As Jobs later revealed during an interview at the 2010 All Things D conference, Apple thought up the iPad before the iPhone, but the multitouch screen was compelling enough the company decided it could be used on a product that needed an even bigger shakeup, the cellphone. Both the iPad and iPhone fit into a lineage of PDA devices Apple used to make like the Newton and the MessagePad. But they were also responses to the popular devices of their moment. In the case of the iPhone, the Palm Treo and BlackBerry Pearl. In the case of the iPad, the trend of Windows-based tablet PCs.

Apple’s kernel of insight, that tablets should be run on mobile operating systems rather than desktop ones (even though the original iPhone OS was a descendant of Mac OS X) had repercussions across the industry. Android tablets sprung up as an alternative not long after the iPad was released, porting the Android operating system to bigger screens. Google would continue to tinker with the idea, even making a serious play for a tablet version of Android with the Honeycomb update it released in 2011, but none of it ever stuck. The biggest critical tablet success Google ever had were ones that hewed closer to smartphones in terms of screen size, like the Nexus 7. And credit to Apple’s relationship with developers at the time, there weren’t nearly as many great tablet-first apps on Android as there were on the iPad.

Microsoft settling on the beloved design of Surface Pro clearly influenced the iPad Pro...

The iPad was popular, but it wasn’t immune to the influences of the wider market. Microsoft settling on the beloved design of Surface Pro clearly influenced the iPad Pro, which was the first to officially support stylus input and a new keyboard case accessory. In 2016, Apple had put most of its eggs in the iPhone and iPad basket. New Macs came out, but they weren’t the most powerful or the best designed. Apple increasingly seemed to believe that the iPad was the entry-level computer of the future, a vision set in motion when Jobs compared personal computers to “pickup trucks,” during that same All Things D interview. Laptops like the MacBook were useful computers, but increasingly specialized in a world where you could interact with websites and apps with your fingers.

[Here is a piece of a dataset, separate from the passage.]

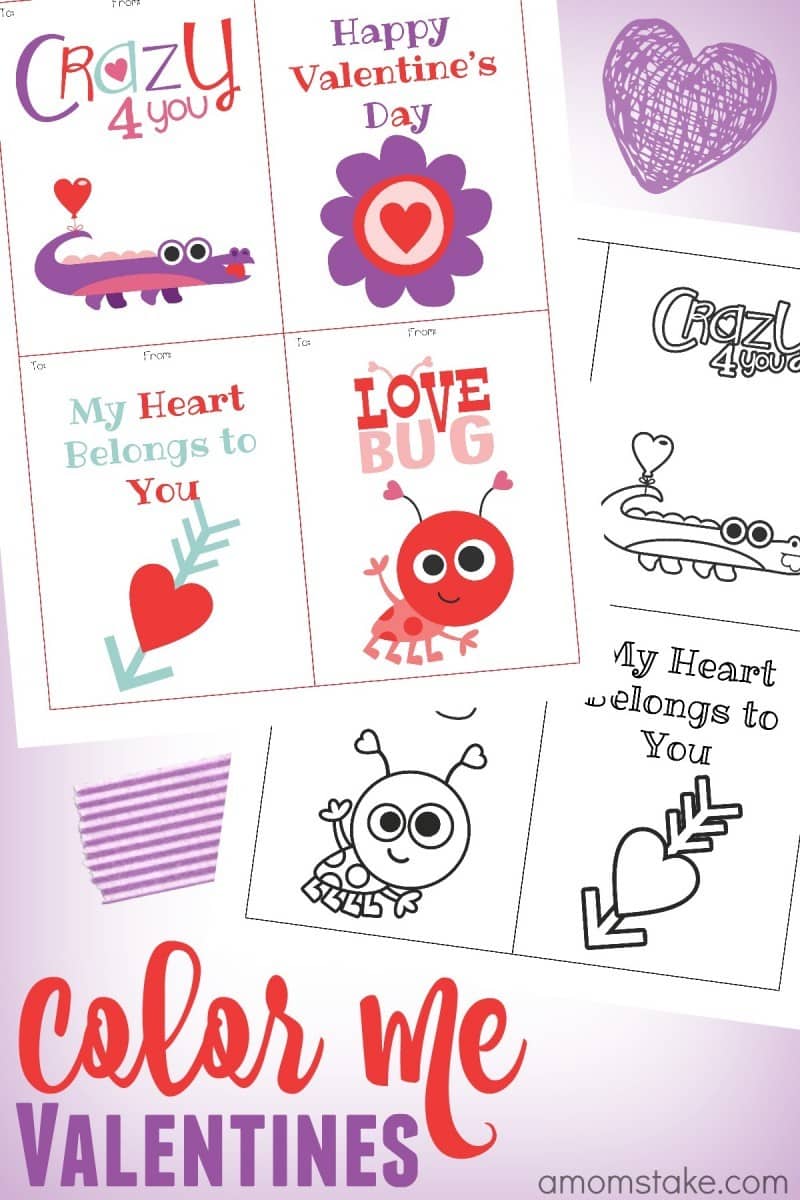 Color me valentine printables classroom cards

The iPad’s Changing Identity

There’s no reason the iPad should be forced to work like a laptop.

Apple

Since 2020, Apple has seemingly swung back the other way. Thanks to the improved performance and battery life the company’s M-series chip brought to the Mac, the iPad’s role as a laptop alternative isn’t nearly as important. Apple was right that the way people used computers was changing, but the phone did most of the work for them. Carrying a computer in your pocket was more impactful than carrying a tablet in your backpack or bag.

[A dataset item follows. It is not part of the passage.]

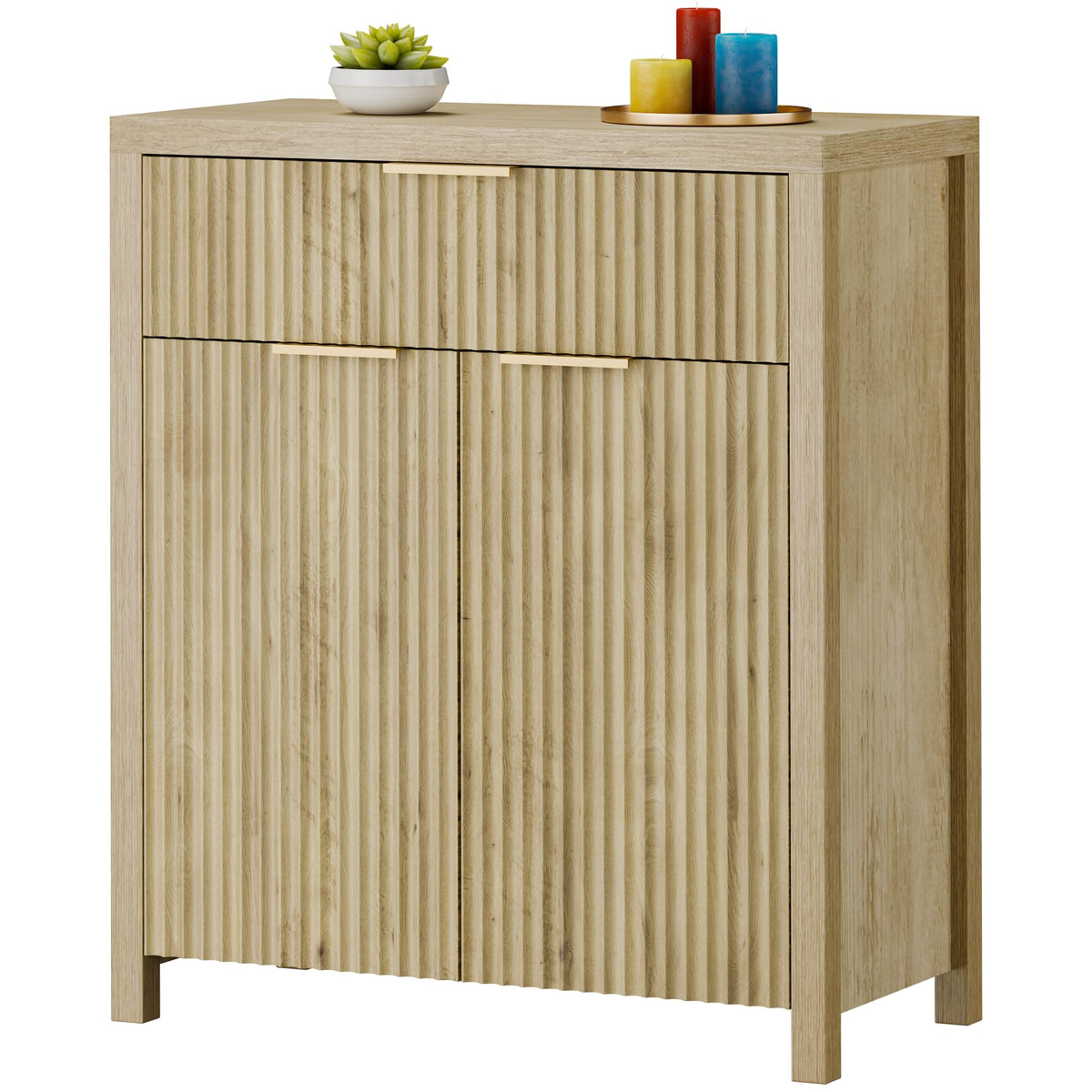 Natural Oak Storage Cabinet with Adjustable Shelves W307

That leaves the iPad in an odd place. It’s still as fun to use as it’s ever been, but it has all of the baggage of its years as a Surface Pro competitor and laptop wannabe. It’s also increasingly a device designed to be used in landscape, when the original had no preferred orientation.

If there’s any path forward for the iPad, it’s leaning into what makes it different, rather than dragging it ever closer to the Mac. Leaning into the casual, even intimate, feeling communicated by settling into a comfortable chair and reading. Apple’s been able to redesign its professional apps like Logic and Final Cut Pro for the iPad, and made apps that returned editing to the more tactile experience they used to be. That’s the potential of a device you have to physically touch to use, and it could easily be applied to other applications and other parts of using the iPad. Anything else adds layers of complexity to an already confused product.